Sonic, however, has only one move. It's all he'll ever have. Yes, he did have fire, electricity, and water shields in Sonic 3 (the best Sonic game), but I don't see those appearing in Smash...especially since the move list, so far, for Sonic is very basic and sad. Yes, he can spin dash. Yes he can...umm...spin dash and charge it. Hell, his recovery move (up+B) isn't even him...it's his environment. Making a spring is not Sonics power...it's Sega's level designer's power. Maybe if the move list allowed for some Sonic based shields from Sonic 3, it would be different...but with spin dash and charging spin dash, and making shit out of the ground...it just feels out of place and limited.

Of course, there's one reason Nintendo is now seeing Sonic in their precious game. It's to make the fans happy. Ever since Smash Melee was announced, rumors started to fly that Sonic would make an appearance. There were fake secret methods of unlocking him in Melee. There were rumors of how Sonic should appear in any sequels to melee. There was a lot of hype, and now that Nintendo and Sega are as close as can be (which will always feel incestuous to an old school gamer who relives fond memories of the SNES/Genesis days) the hype can be fulfilled for the fans. I just wish that other Sega people would have been considered first (like Wren from the Phantasy Star series, one of the Gunstar Heroes, an Altered Beast which could play like Shiek/Zelda from Melee with transformations, a Shining Force hero to battle Ike http://www.smashbros.com/en_us/characters/ike.html, or any of a dozen other potential Sega mascots).

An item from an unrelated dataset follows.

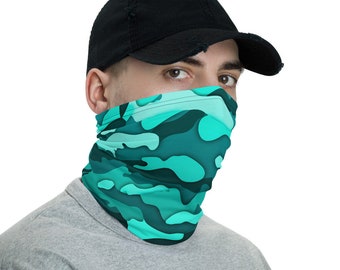 Teal Camo Face Mask, Mask Cover, Camouflage Mask, Hunting Camo, Neck Gaiter, Reusable Mask, Fabric Mask, Headband, Bandana, Neck Warmer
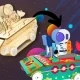 Koka konstruktors \"Kosmoss\" 6in1 – izglītojošs robotu un kosmosa transportlīdzekļu komplekts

At least it's not like the whole game is being changed. Afterall, if one character doesn't suit me, I'll have dozens of others to chose from. If I really hate the character, I could always just remove it from any computer matches I play or single it out as a target for all of my aggressions. Too bad the release date could not be fought against so easily.

More than anything, I hope the lame voice and the bad music of the video clips on those links are not in the real game.  I had enough of a bad time trying to tolerate that shit when Sonic was good (especially in Sonic CD).